*** Opening Provided records ***

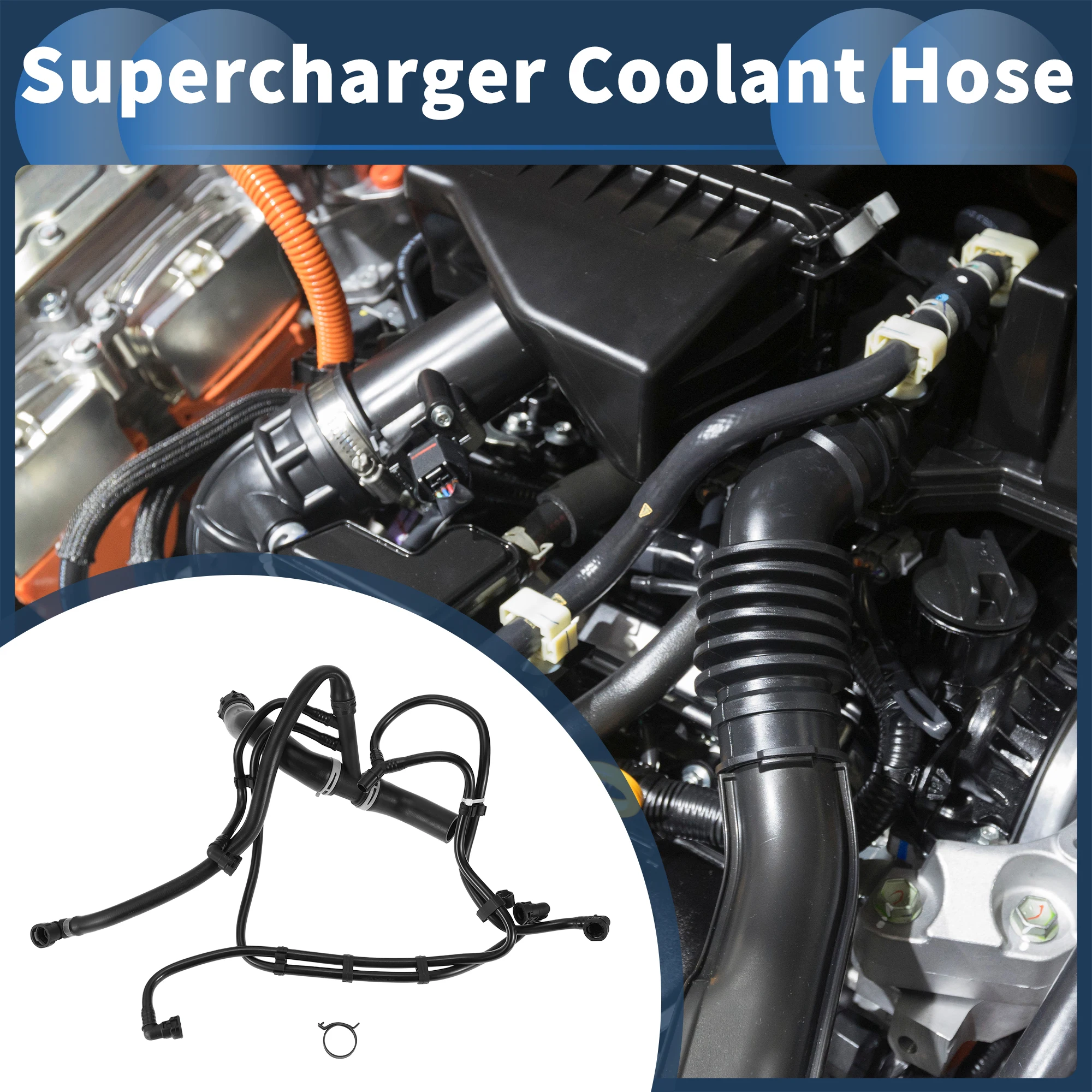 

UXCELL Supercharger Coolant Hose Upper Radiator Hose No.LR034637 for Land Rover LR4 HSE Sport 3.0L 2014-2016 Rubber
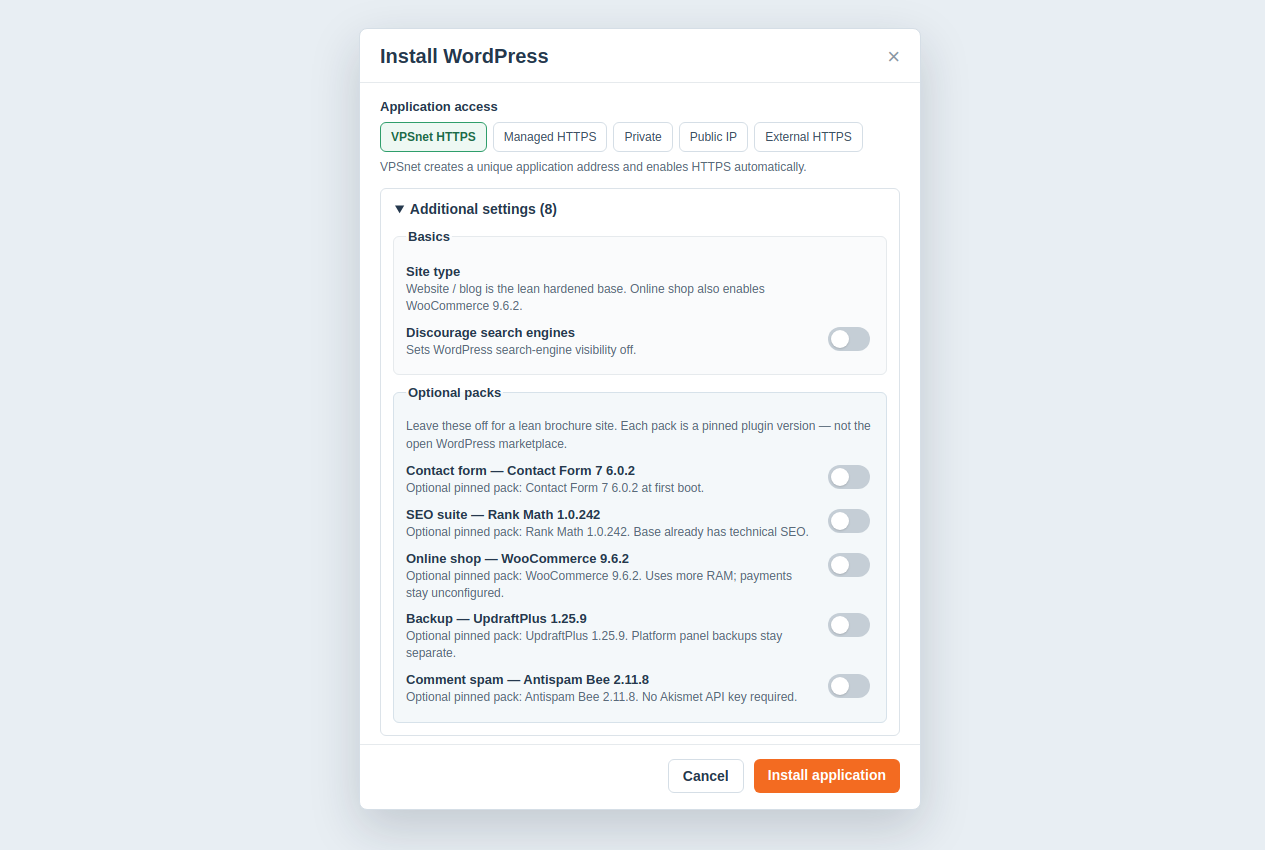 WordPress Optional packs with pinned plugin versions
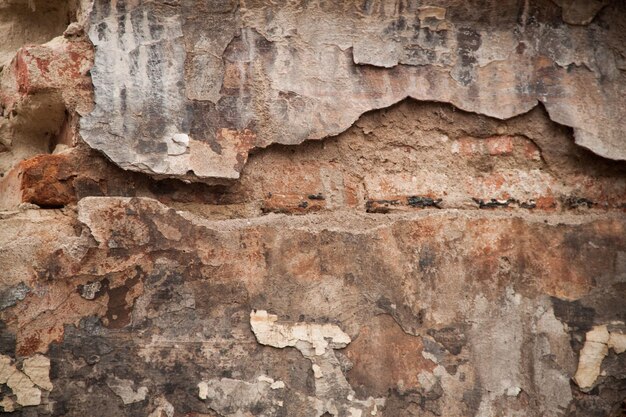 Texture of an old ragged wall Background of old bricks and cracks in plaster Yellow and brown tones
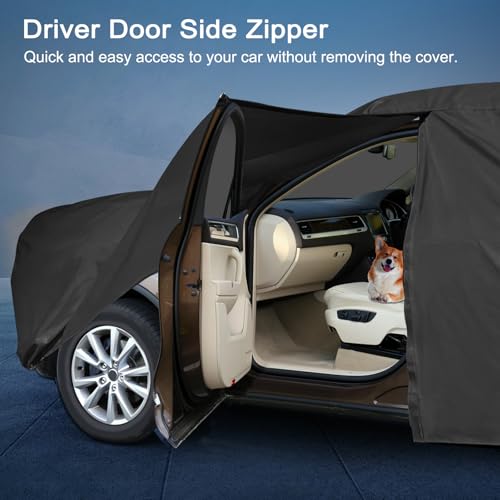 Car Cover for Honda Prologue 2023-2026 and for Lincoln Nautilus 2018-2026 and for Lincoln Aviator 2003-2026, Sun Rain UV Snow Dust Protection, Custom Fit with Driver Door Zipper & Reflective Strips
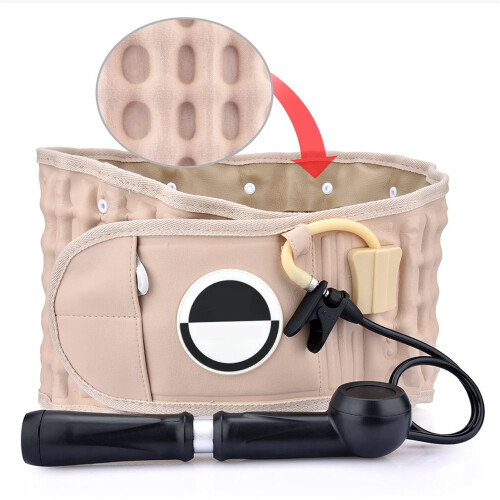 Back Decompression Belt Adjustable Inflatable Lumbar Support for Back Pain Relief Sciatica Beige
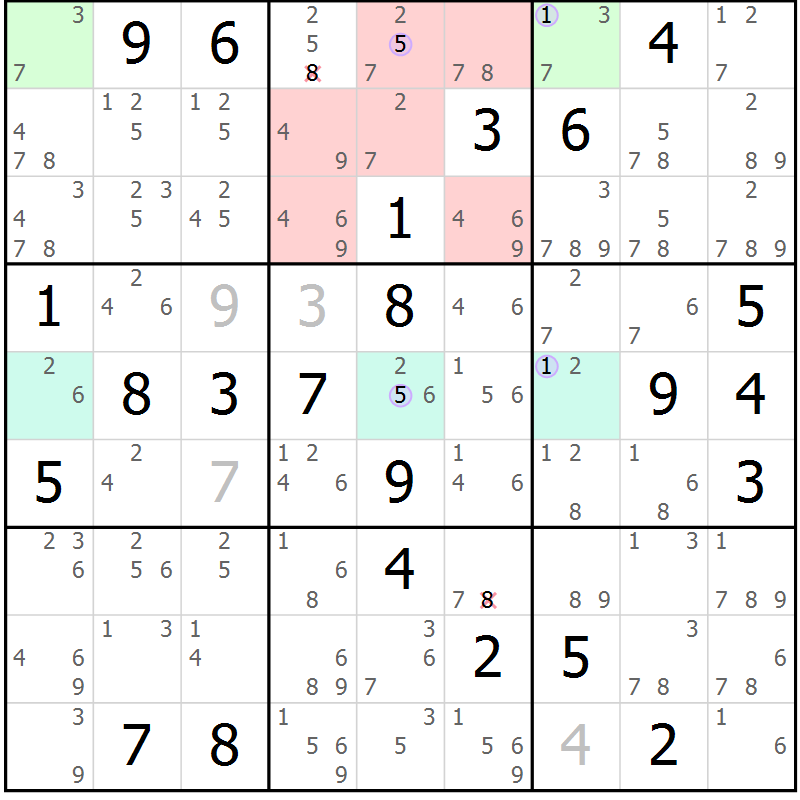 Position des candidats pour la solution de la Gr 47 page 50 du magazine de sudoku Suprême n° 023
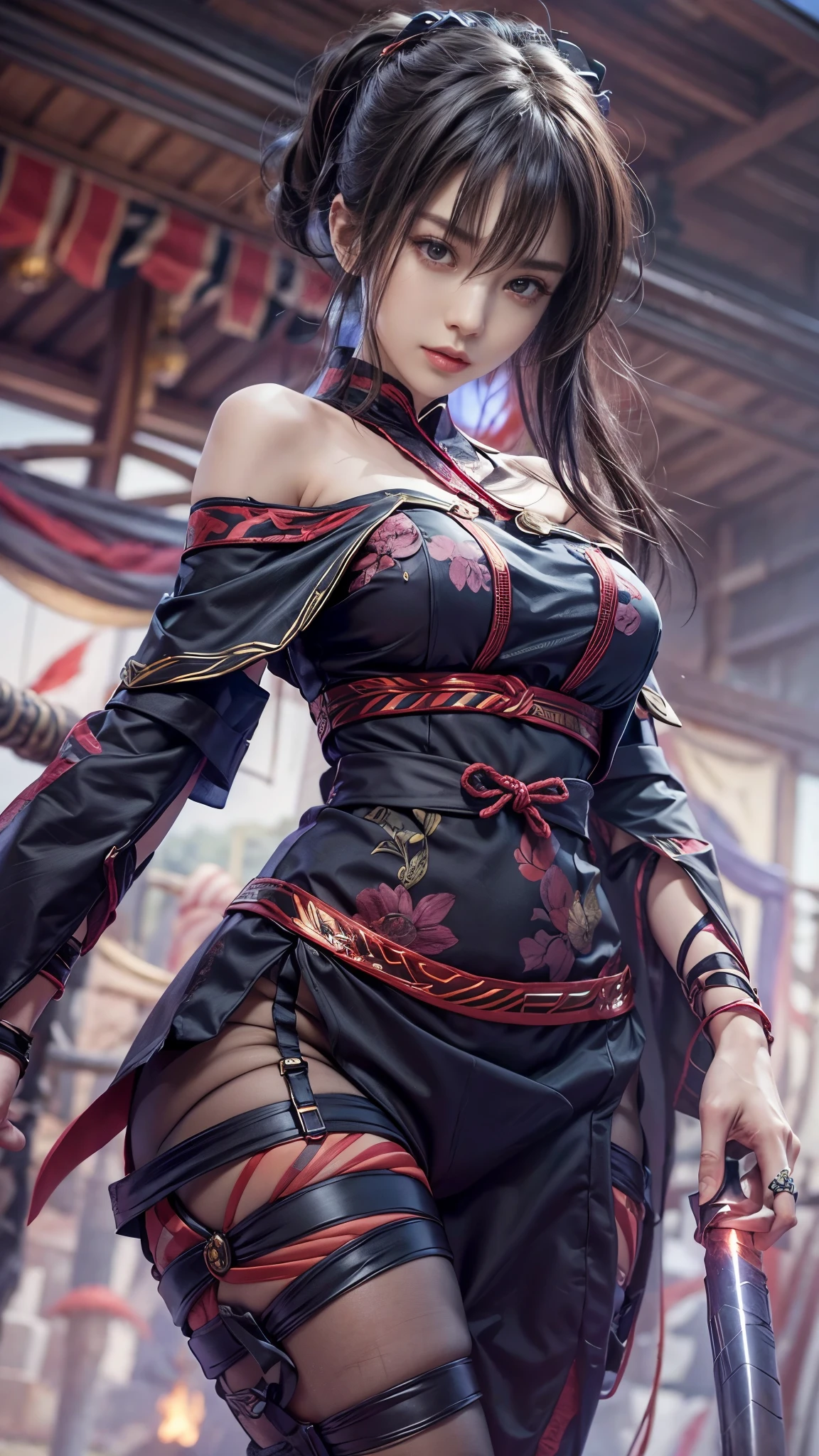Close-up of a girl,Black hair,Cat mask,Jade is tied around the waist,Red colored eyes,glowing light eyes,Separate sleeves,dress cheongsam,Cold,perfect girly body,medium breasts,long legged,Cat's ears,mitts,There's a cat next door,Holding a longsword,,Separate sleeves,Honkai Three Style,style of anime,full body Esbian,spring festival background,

*** Closing Provided records ***

### What the exercise asks
Exact repeats of the lines from the first one in the data through the line containing "Car Cover for" make up the answer. Pictures do not.

### Solution
UXCELL Supercharger Coolant Hose Upper Radiator Hose No.LR034637 for Land Rover LR4 HSE Sport 3.0L 2014-2016 Rubber
 WordPress Optional packs with pinned plugin versions
 Texture of an old ragged wall Background of old bricks and cracks in plaster Yellow and brown tones
 Car Cover for Honda Prologue 2023-2026 and for Lincoln Nautilus 2018-2026 and for Lincoln Aviator 2003-2026, Sun Rain UV Snow Dust Protection, Custom Fit with Driver Door Zipper & Reflective Strips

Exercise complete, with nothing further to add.